We look back at some of the Nintendo moments that made us smile, laugh, cry and cower in fear.
Osu! Tatakae! Ouendan!
Developed by: iNiS
Published by: Nintendo
Emotions it inspires: Sadness, romance, hope
How the game inspires emotion : Storyline, characters, music
Osu! Tatake! Ouendan! (Which translates to “Go! Fight! Cheer Squad!”) was a game that took many DS gamers by surprise in 2005. Strictly a Japanese import, Ouendan is a rhythm game developed by iNiS, creators of the cult classic Gitaroo Man. The object is to tap the beats to the rhythm of the song. You play as a cheerleading squad called the Ouendan. Their mission in life is to go around and help people by motivating them through the power of cheer. All you need to do is scream their name and they will arrive instantly. The better you do, the happier the outcome will be.
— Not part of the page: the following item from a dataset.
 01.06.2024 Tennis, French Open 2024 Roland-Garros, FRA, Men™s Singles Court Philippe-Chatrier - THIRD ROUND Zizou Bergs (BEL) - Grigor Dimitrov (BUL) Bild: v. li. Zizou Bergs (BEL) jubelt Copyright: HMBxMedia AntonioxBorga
If you think this concept sounds silly, it is. Ouendan has some of the wackiest storylines ever seen in a rhythm game, including one where you must cheer a couple of policemen as they fight off a robot alien invasion, all set to the melody of Orange Range’s “Shanghai Honey.” It’s this kind of irreverence along with the addicting gameplay that made Ouendan one of the most popular import titles for the DS.
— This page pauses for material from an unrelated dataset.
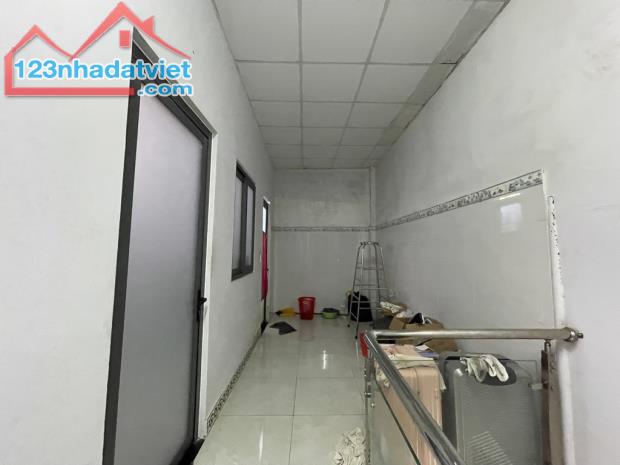 Bán Nhà 2 Tầng, 70m2, Nguyễn Văn Tăng, Quận 9. Giá chỉ 4.9 Tỷ - 3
But as wacky as the whole game was, there was one scene that was completely different from them all. It abandons all of the Japanese wackiness to tell a very serious story. This stage would become one of the most poignant scenes in all of Nintendo gaming.
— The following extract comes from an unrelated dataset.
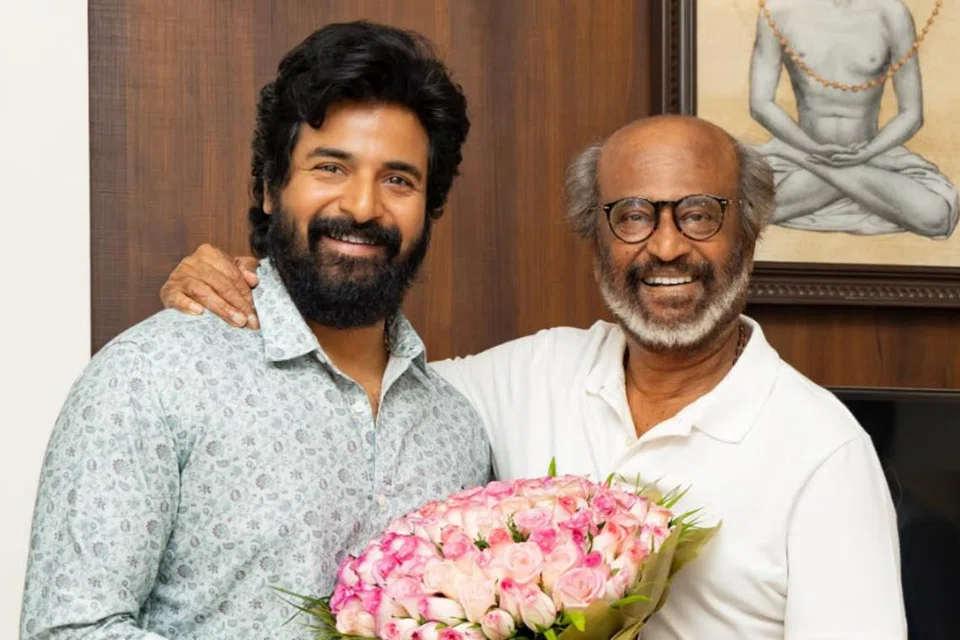 சிவகார்த்திகேயனுடன் ரஜினிகாந்த்.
In this stage, a young man dies in a motor bike accident and his soul goes to heaven. At the pearly gates he struggles with the angels. When the head angel asks him what the matter is, he tells them that he wants to go back to Earth and say good-bye to his lover. The head angel agrees to the petition, but sets a time limit. Thus, he calls the Ouendan to help him overcome his state and try to tell his girlfriend that he loves her one final time.
The song featured in this stage is called “Over the Distance” by Yaida Hitomi. The song itself is a beautiful anthem for true love overcoming any obstacle, with the music video for it featuring beautiful shots of oceans and mountains. Combined this with the storyline and the inspired images it makes for one of the saddest and romantic scenes in a Nintendo game ever.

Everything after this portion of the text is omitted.